Grimy walls, low candlelight, the overpowering scent of mold and oil—I awaken to sickeningly familiar surroundings.
I can’t say I’ve missed the dungeon in the Temple of Rasus. Still groggy, I swing my legs off the bare metal bench someone thought would pass as a bed and pad over to the wall of bars in front of me. Grit crunches under my now bare feet. They’ve taken all my clothing except my sleeveless undershirt and the uncomfortable tweed pants from the Under House lost-and-found. Which, I suspect, they probably couldn’t peel off my body.
I have no idea how many hours have passed or what is going on in the outside world. Caldaras City may not have been a bastion of comfort and safety for me, but it is my home. And if there is a chance I can still save it, I will try.

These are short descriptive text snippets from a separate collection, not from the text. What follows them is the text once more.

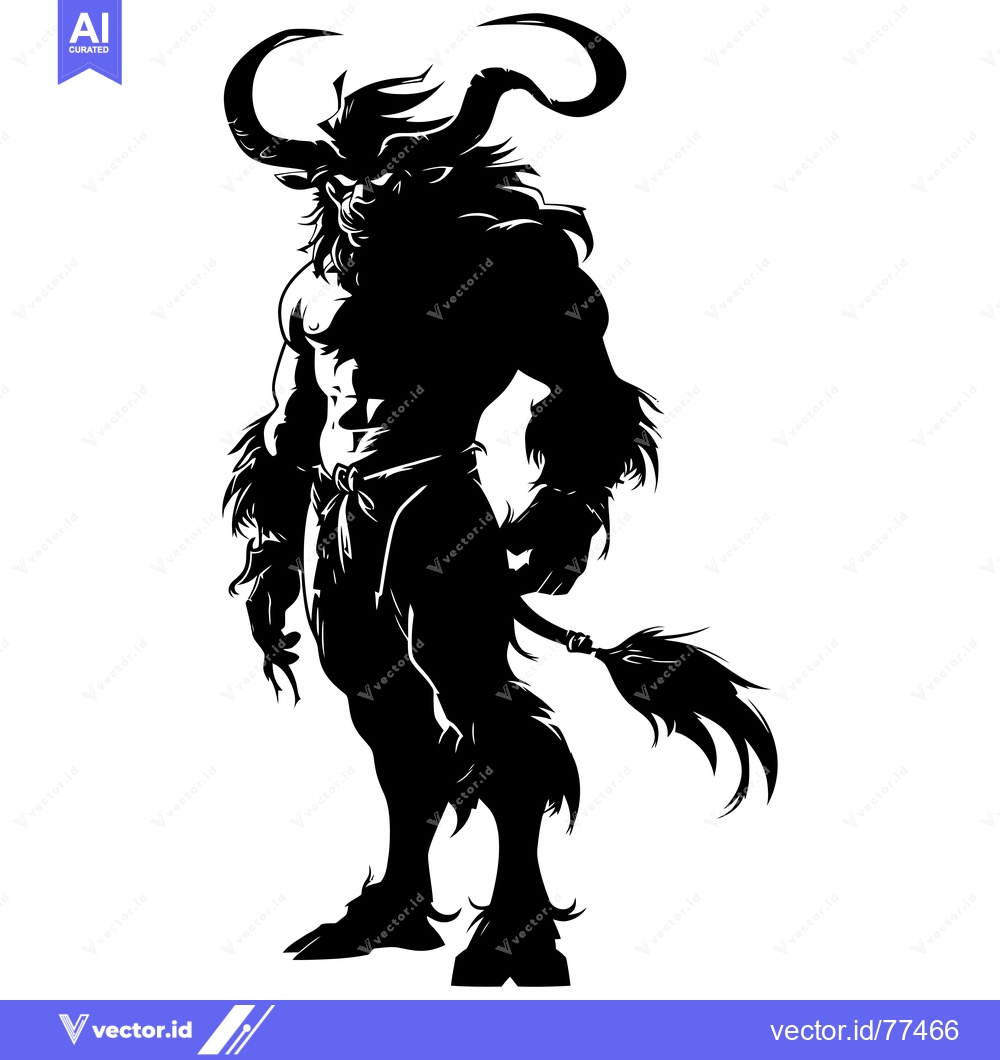 Premium Vector of Silhouette of a Muscular Minotaur with Long Horns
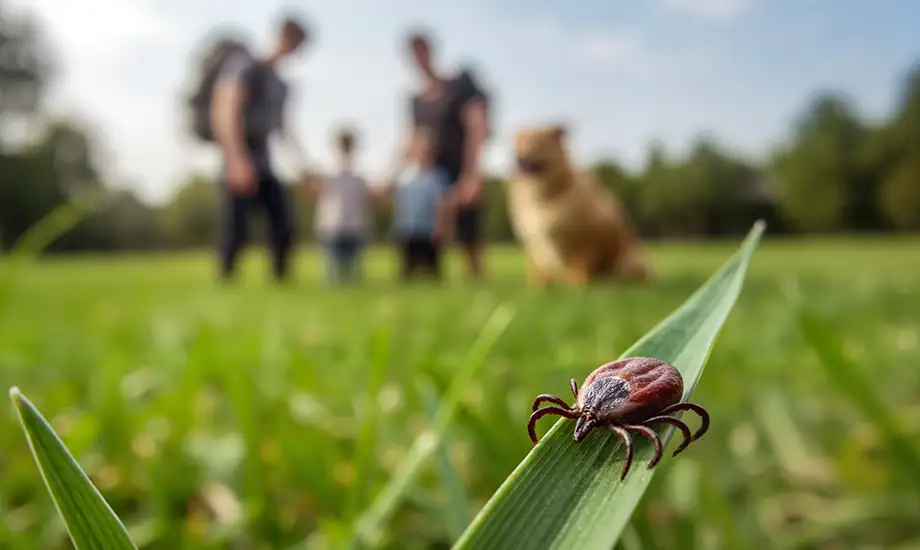 A tick perched on a blade of grass, with a family of four blurred in the background.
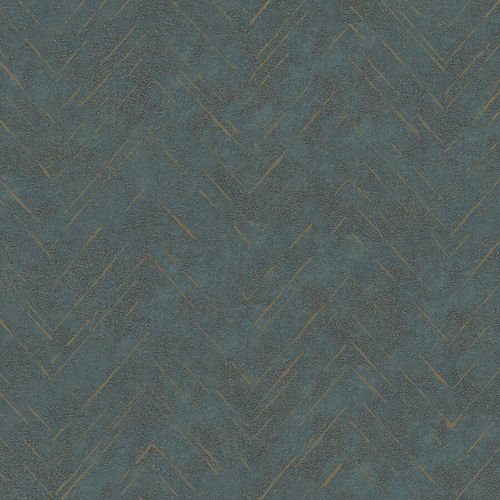 Non-Woven Wallpaper Zig-Zag Line green metallic 84884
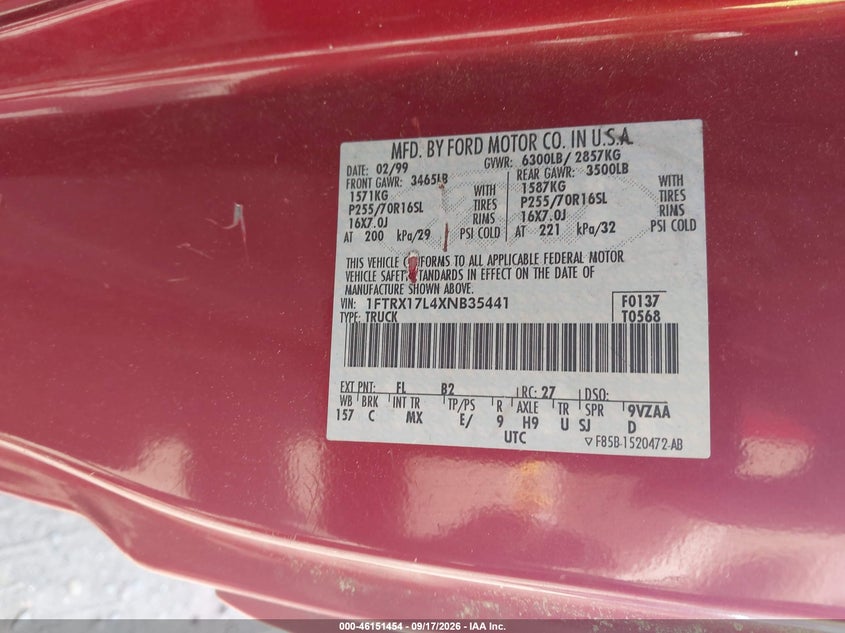FORD F-150 1999 VIN 1FTRX17L4XNB35441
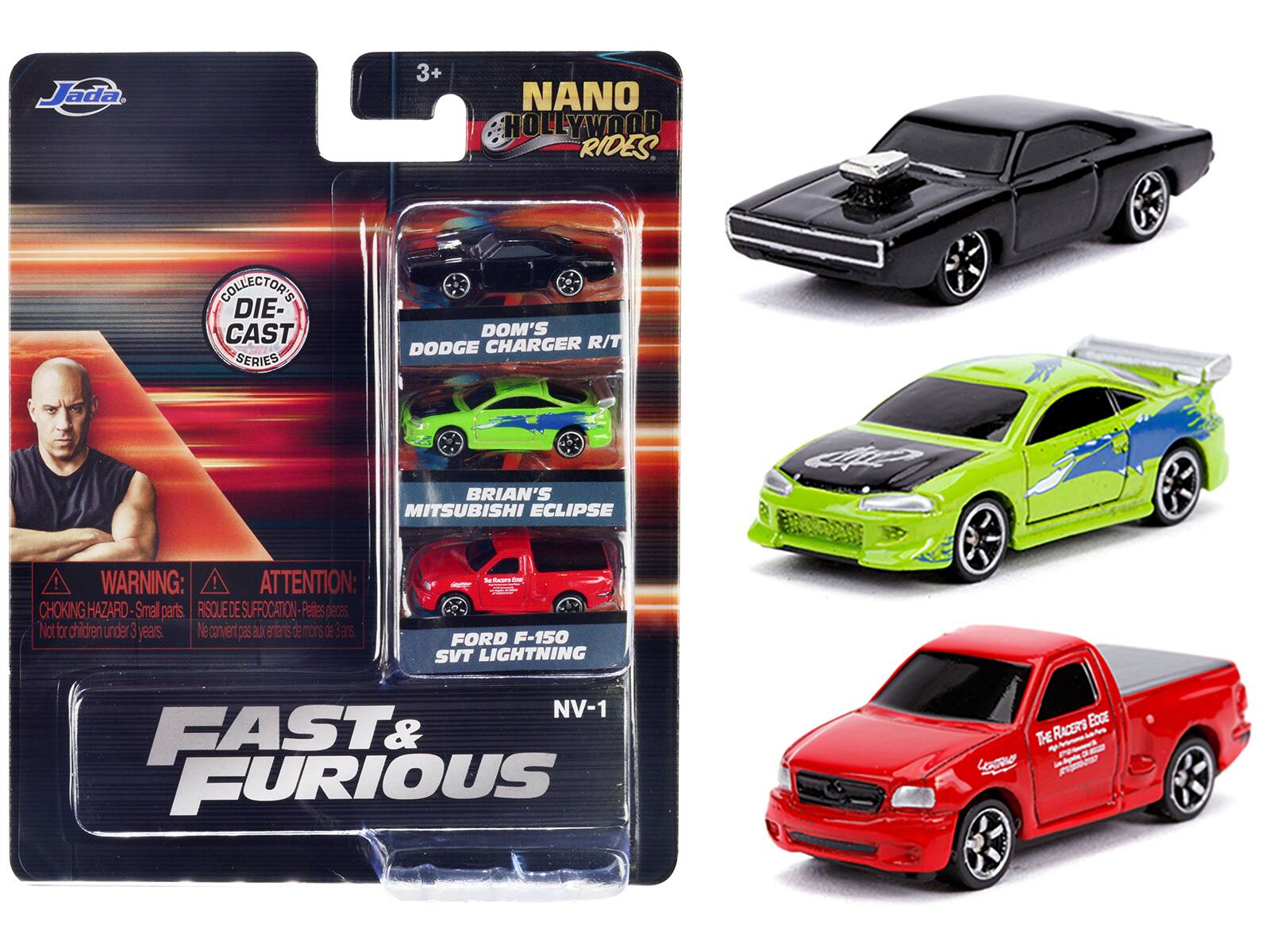 "Fast & Furious" 3 piece Set "Nano Hollywood Rides" Diecast Model Cars by Jada - Red, Black, Green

Closing my eyes, I call on the power below me. It finds me even here, snaking up through the soles of my feet, filling my veins.
It’s my most impressive fireball to date. The stones on the far wall glow red. But the bars of my cell remain solid.
Damn.
“Hey!” I call into the dim space beyond the bars. “Anyone! I have information for the Empress! Hey!” I rattle the bars.

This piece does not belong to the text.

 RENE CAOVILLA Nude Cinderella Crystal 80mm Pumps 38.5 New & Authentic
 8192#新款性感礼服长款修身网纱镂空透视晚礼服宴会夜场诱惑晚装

I keep shouting for a few minutes. Finally, a vertical shaft of light appears in the darkness beyond my cage. It widens, a door opening, and three figures step through.
“We don’t have time to waste,” I say. “I need to speak to the Empress. And the Commandant.”

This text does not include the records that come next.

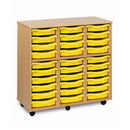 Monarch shallow tray storage unit - 30 trays (3 x 10) beech
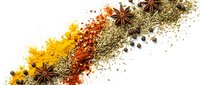 Colorful spices and herbs arranged in diagonal line on white background. Turmeric, paprika, star anise, peppercorns create vibrant culinary display for cooking.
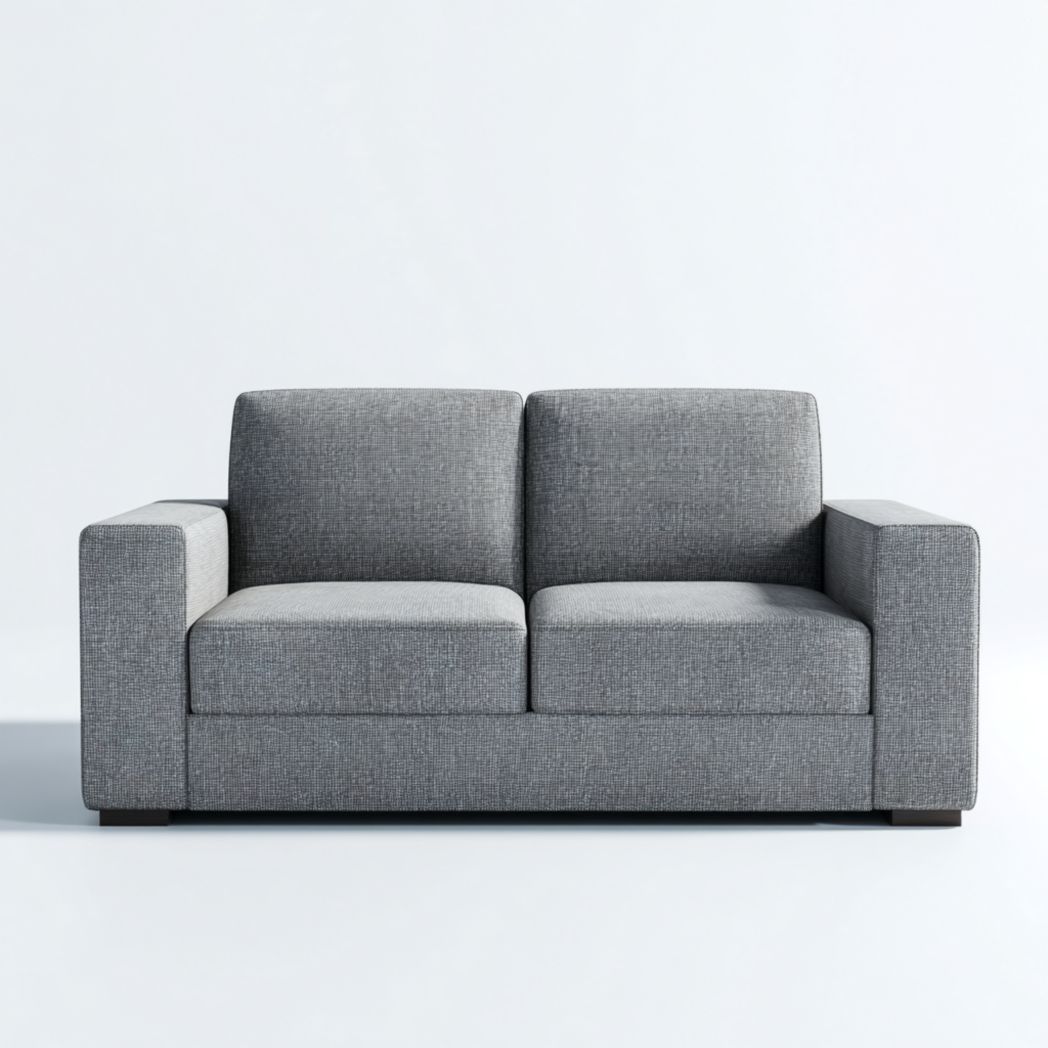 Sofá de dos plazas en tela gris con patas de metal negro a juego.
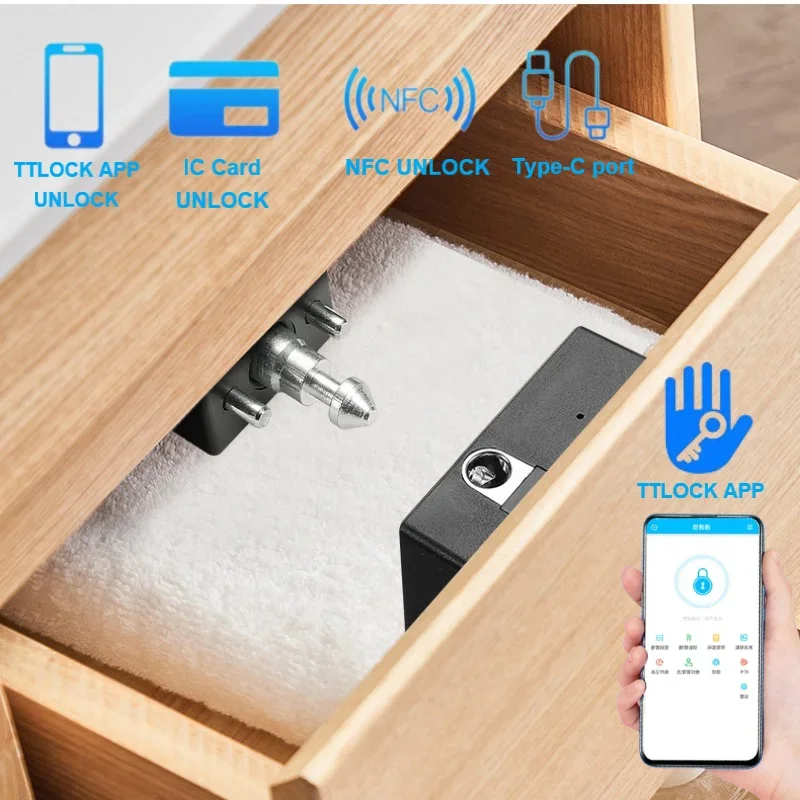 TTlock Smart Door Lock Hidden Drawer Cabinet Lock Electronic Locks Support IC Card NFC Watch App Remote Unlock Smart Locks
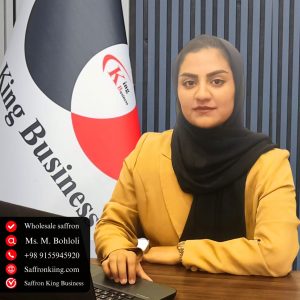 Ms. Bahloli, saffron sales manager at Saffron King Business Company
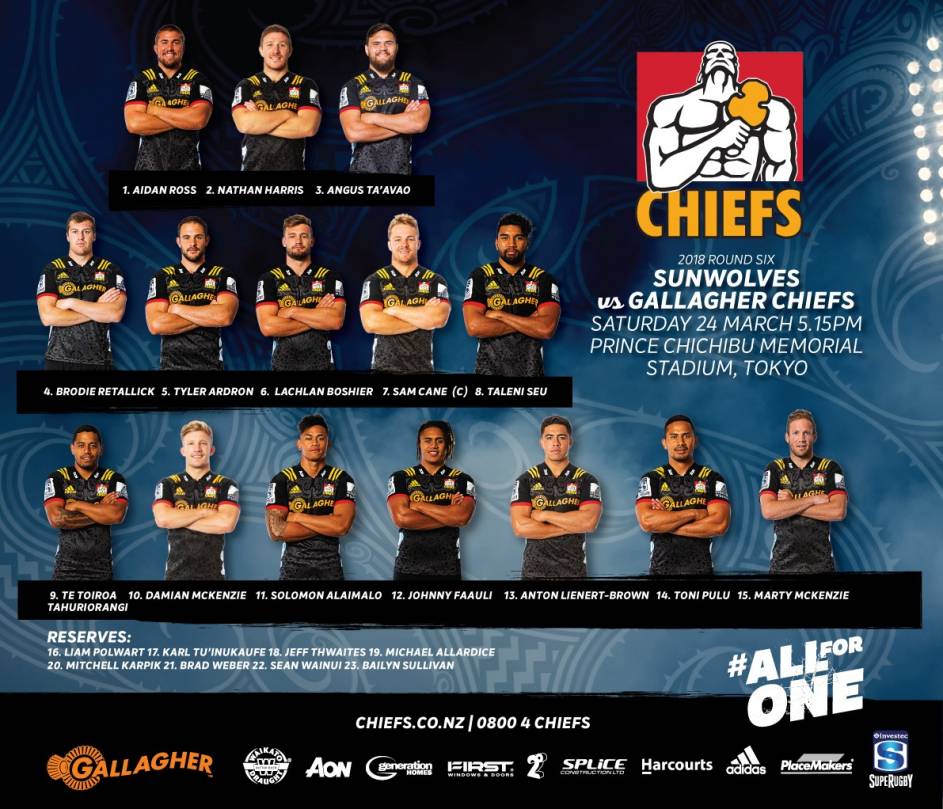Gallagher Chiefs team named to take on Sunwolves in first-ever Tokyo clash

“You will do no such thing.” One of the figures detaches and approaches the bars; two hooded guards flank the door.
“Zahi,” I say. “Listen to me. The cult of Bet-Nef is alive and well in this Temple. They mean to awaken—”
“I know what the Beautiful Ones mean to do,” he says. “Why do you think I watch them from within their own Temple? The Heart of Mol is precious and powerful. Many would use it for their own ends. That is why, after the War of the Burning Land, the Salt Throne created the first Black Thorn from the second child of the King. I guard the Heart as my predecessors have done for a thousand years. I guard it from the cult of Bet-Nef. And from creatures like you.”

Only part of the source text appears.